To test the hypothesis that the trafficking of AQP2 was altered in Fxyd1-/- mice, we performed the same kind of time course experiments, but this was done in kidney slices from WT and Fxyd1-/- mice for better time resolution, and for better experimental control of vasopressin addition and washout. Slices were suspended in HBSS (Hank’s balanced salt solution, glucose-containing physiological salts) equilibrated with a mixture of CO2 and O2. All except the baseline slices were incubated first at 37°C for 15 min in HBSS to allow washout of endogenous vasopressin. After equilibration, some of the slices were distributed to fresh vials and exposed to dDAVP for 15 min, followed by transfer to fresh vials with HBSS for timed washout and recovery.
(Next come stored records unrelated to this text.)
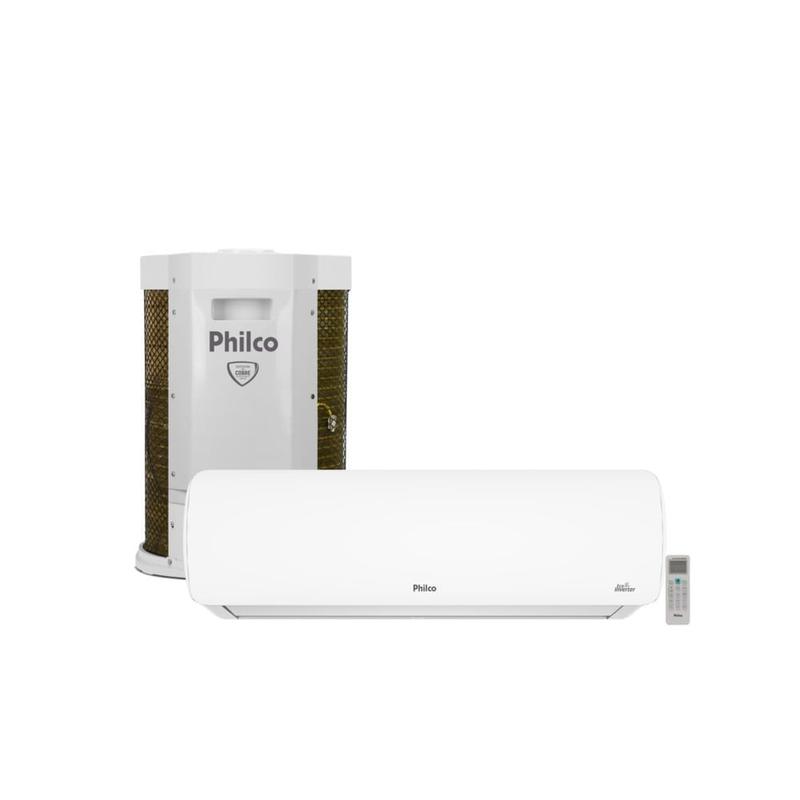 Ar Condicionado Split Hi Wall Inverter Philco PAC18QC 18000 BTU/h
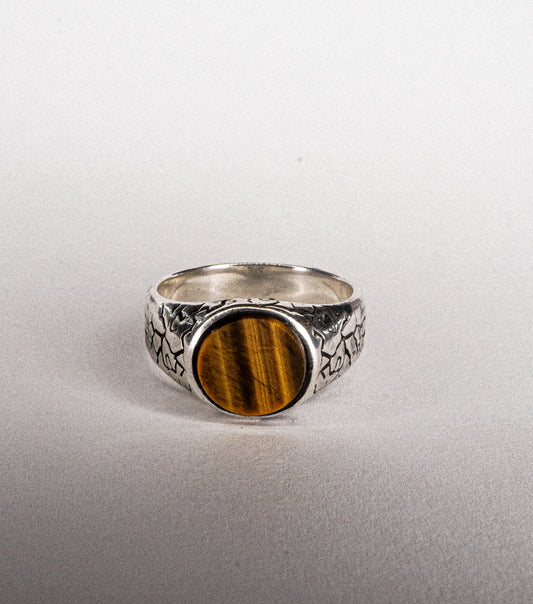 Wild Times -Tigers Eye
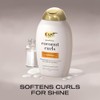 OGX® Acondicionador Quenching Coconut Curls, cabello rizado, 385ml
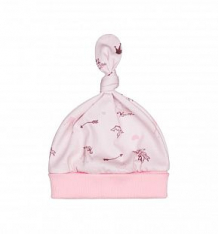 Купить комплект шапка 2 шт lucky child принцесса сказки, цвет: розовый ( id 10475516 )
Upon completion of each step, slices were fixed with PLP followed by sectioning and immunostaining for AQP2. Disruption of AQP2 trafficking in Fxyd1-/- mice can be seen in Fig 5. The differences in AQP2 localization in kidney from WT (a-c) and Fxyd1-/- mice (d-f) were obvious at every time point. At baseline, in WT slices there was a mixture of intracellular and juxta-apical AQP2 (a), while in Fxyd1-/- slices AQP2 was more uniformly intracellular (d). A similar but less pronounced pattern was observed after 15 min of washout of residual endogenous vasopressin (b and e for WT and Fxyd1-/-, respectively). Stimulation with dDAVP resulted in the majority of AQP2 accumulating at the apical membrane in both WT and Fxyd1-/- mice, although the trafficking appeared less complete in the knockout (compare c and f).
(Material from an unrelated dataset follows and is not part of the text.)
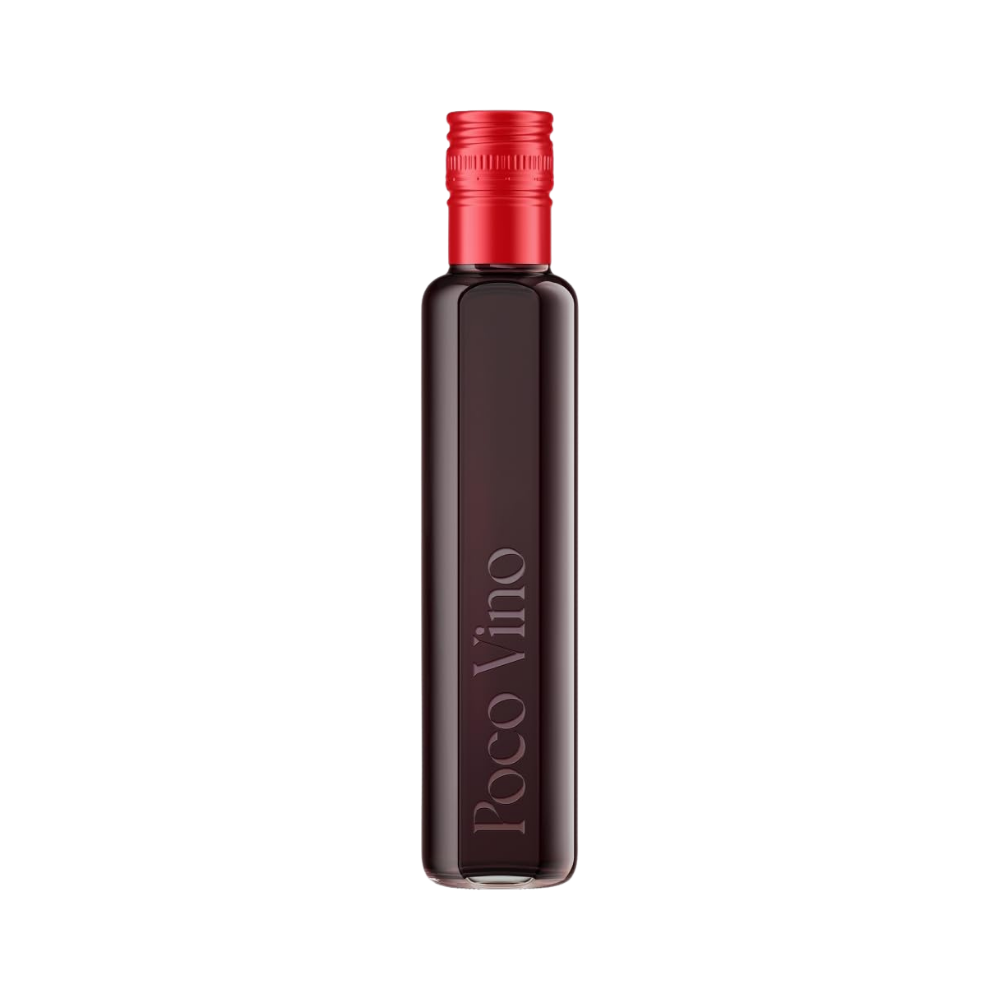 POCO VINO SHIRAZ 187ML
Fig 5. AQP2 acute response to vasopressin differed in slices of inner medulla from wild type and Fxyd1 knockout mice.

Fig 5

Kidney slices from WT (a-c) and KO (d-f) male mice were fixed without treatment (a,d), incubated in HBSS to wash out endogenous VP (b,e), and then treated with dDAVP for 15 min (c,f). Slices were post-fixed with 2% PLP and sectioned. The distribution of AQP2 was monitored by immunofluorescence. The absence of FXYD1 reduced shuttling of AQP2 between intracellular vesicles and subapical spaces and apical membrane. This figure is representative of 3 independent experiments. Nuclei were labeled with Dapi. Bars, 10 μm.

Fig 6 shows that the absence of FXYD1 also affected AQP2 trafficking during recovery from experimental vasopressin treatment in slices. Tissue is shown 60 min after washout of vasopressin. In WT (a), washout resulted in a partial translocation of AQP2 from apical membrane into an intracellular compartment, but much was still concentrated at the apical membrane. In contrast, for Fxyd1-/- slices (b), washout of dDAVP led to a more rapid reduction of AQP2 at the apical pole, and distribution to heterogeneous locations including close to the basolateral pole of the cells (arrows). The basolateral appearance differed from the starting position of AQP2 in the knockout (Fig 5D) and may reflect the prolongation of a transient basolateral step in the AQP2 trafficking cycle reported earlier [4749]. Thus, the absence of FXYD1 did not completely prevent the upswing of AQP2 recruitment, but seemed to accelerate its reversal. The data imply that loss of FXYD1 interferes with the proper trafficking of AQP2, potentially explaining the impaired urine concentration observed in Fxyd1-/- mice.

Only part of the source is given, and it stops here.